The Ariake Arena is a multi-sport venue located in Ariake, Kōtō, Tokyo, Japan. It served as the volleyball venue for the 2020 Summer Olympics and the wheelchair basketball knockout stage at the 2020 Summer Paralympics. This was the replacement of the Differ Ariake which was closed and demolished in June 2016.

History
The Ariake Arena was one of the six permanent facilities designed to be built in the district of Ariake in order to host the Olympic and Paralympic Games. Its construction began in January 2017 and was completed in December 2019. The total cost of the project was around 35 billion yen (about US$320 million) and it has the capacity 12,000 spectators, which can be expanded to a max capacity of 15,000 with temporary seating.

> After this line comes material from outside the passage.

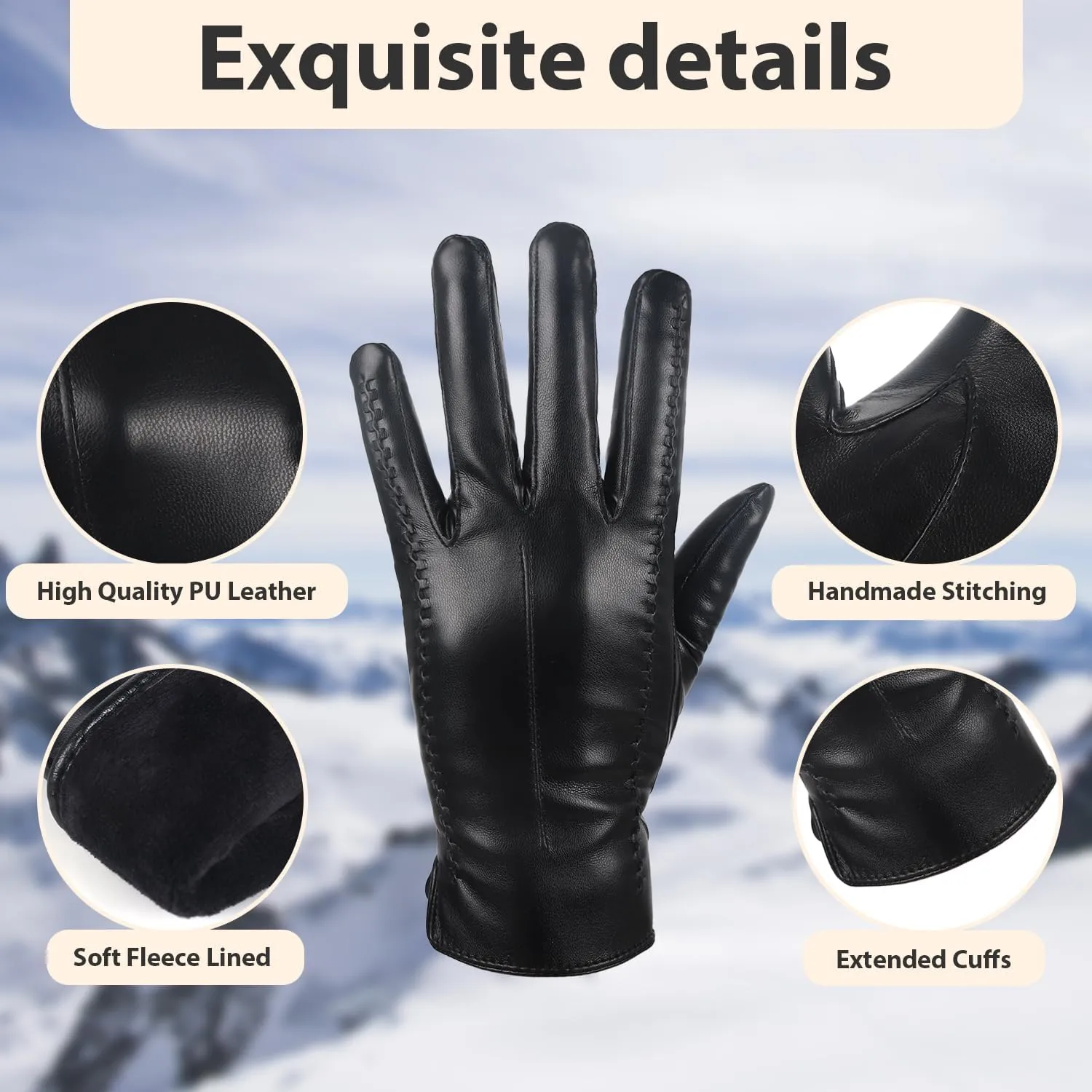 Yicorgard Women's Winter Driving Gloves - PU Leather Touchscreen With Warm Fleece Lining for Motorcycle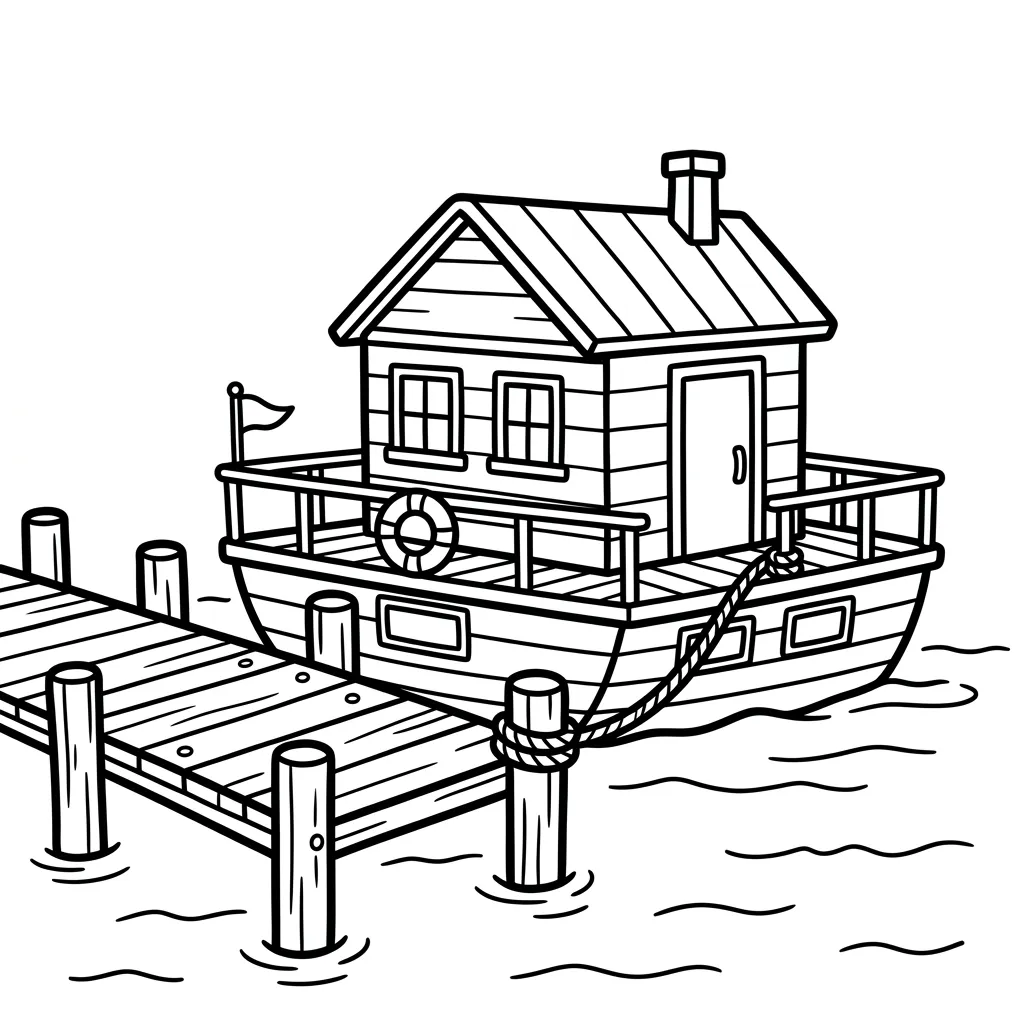 Woonboot kleurplaat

After the Olympic and Paralympic Games, a consortium let by Dentsu was granted an exclusive right to operate the facility until March 2046. Under a concession agreement, the Metropolitan Government receives a fixed amount of 9.4 billion yen (376 million yen per year) and a profit share payment (50% of pretax profit each year) from the consortium.

Events 
The arena is used for both sporting events and concerts.

In August 20, 2022 it opened as a public facility with a Perfume concert as part of its 9th Tour 2022 PLASMA

Billie Eilish performed in the arena for her Happier Than Ever, The World Tour on August 26, 2022.

It is scheduled to be used for the first time for sports after reopening with the B3 League game between Tokyo United v. Saitama Broncos, on October 9, 2022.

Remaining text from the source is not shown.